Though the American media is not without its own complement of boobs and miscreants, the contrast to British journalism has only grown in the past decade. In an article for Britain's New Statesman in 1998, Nick Cohen noted that the British media's "obsession with personalities, opinion, light features and lifestyle pieces" was "killing the art of reporting." Young journalists, he lamented, were no longer required by union rules to serve a three-year apprenticeship at local papers where they might learn about government or the law; instead, they could ascend to the national papers straight from college, where they would learn that the quickest way "to get ahead" was to get a column. "Locally and nationally news reporting is dying," he concluded.
The view is shared by other British journalists. Michael Elliott, former Washington bureau chief for the Economist and now an editor at large for Time magazine, said in a talk at Columbia University in 1998 that for all the great writing in British newspapers, he had little confidence he was reading much in the way of reporting.
The problem is primarily economic. Britain is the most competitive news market in the world, and news reporting -- especially international reporting -- is pretty darned expensive compared to columns about the travails of gaining or losing weight (step forward "Bridget Jones's Diary"). "Executives did sums," wrote former Independent Sunday editor Ian Jack in his 1998 introduction to "The Granta Book of Reportage." And their cost-benefit analysis was ultimately driven by what Jack called "the specter of the reader's boredom, the viewer's lassitude."
"'Stories are important because they sell newspapers; therefore they will be bought, stolen, distorted, spun, sentimentalized, over-dramatized and should all else fail invented to woo a public which has 10 national dailies to choose from, and another nine on a Sunday," he wrote. Only the Financial Times has kept faith with the kind of straight reporting that gave the New York Times its chill authority.
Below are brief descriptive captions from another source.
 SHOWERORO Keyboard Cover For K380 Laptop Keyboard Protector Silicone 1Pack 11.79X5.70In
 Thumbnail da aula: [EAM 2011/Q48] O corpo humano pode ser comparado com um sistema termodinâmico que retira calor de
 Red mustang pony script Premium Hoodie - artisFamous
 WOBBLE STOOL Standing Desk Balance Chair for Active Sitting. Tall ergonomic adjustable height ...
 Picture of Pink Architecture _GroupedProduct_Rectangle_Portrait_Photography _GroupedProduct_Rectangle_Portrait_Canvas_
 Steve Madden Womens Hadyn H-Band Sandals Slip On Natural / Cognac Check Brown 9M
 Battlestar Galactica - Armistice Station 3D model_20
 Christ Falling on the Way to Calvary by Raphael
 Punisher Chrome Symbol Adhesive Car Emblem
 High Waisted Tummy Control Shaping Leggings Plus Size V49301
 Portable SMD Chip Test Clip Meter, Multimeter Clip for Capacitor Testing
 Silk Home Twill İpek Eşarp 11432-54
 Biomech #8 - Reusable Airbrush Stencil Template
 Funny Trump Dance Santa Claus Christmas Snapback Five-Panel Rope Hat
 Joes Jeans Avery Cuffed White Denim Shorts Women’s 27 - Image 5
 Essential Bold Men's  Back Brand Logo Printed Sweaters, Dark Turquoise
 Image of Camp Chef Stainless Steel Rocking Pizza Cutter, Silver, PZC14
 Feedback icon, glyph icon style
Otherwise, Britain has succumbed to a media culture that "places a high premium on excitement, controversy and sentimentality, in which information takes second place to the opinions it arouses." Even the BBC has suffered, according to a critical Atlantic Monthly assessment by Geoffrey Wheatcroft, who argued that a decade of bad management and a fragmented British television market have contributed to a decline in standards and resources.
Perhaps the most illuminating criticism of the new wave of online Anglophiles comes in the form of praise for American news values by Guardian reporter Gary Younge. In 1996, he wrote in glowing terms about the volume of reporting he was required to do and the level of editing he was subjected to during a three-month exchange program at the Washington Post. At first it was a "culture shock," he wrote, especially "for a British journalist reared on the staple diet of 'Don't let the facts get in the way of a good story.'" But "when your piece was finished, you felt you had produced the definitive work on the subject."
Journalism, by definition, is not definitive; it can only be a rough draft of history. Nevertheless, some drafts are more thorough than others. As Younge told Guardian readers in Britain, "thoroughness is American journalism's stock in trade and sometimes, clearly, they can be overzealous, but anyone looking to use this as an example of the superiority of the British journalistic tradition should turn the page now."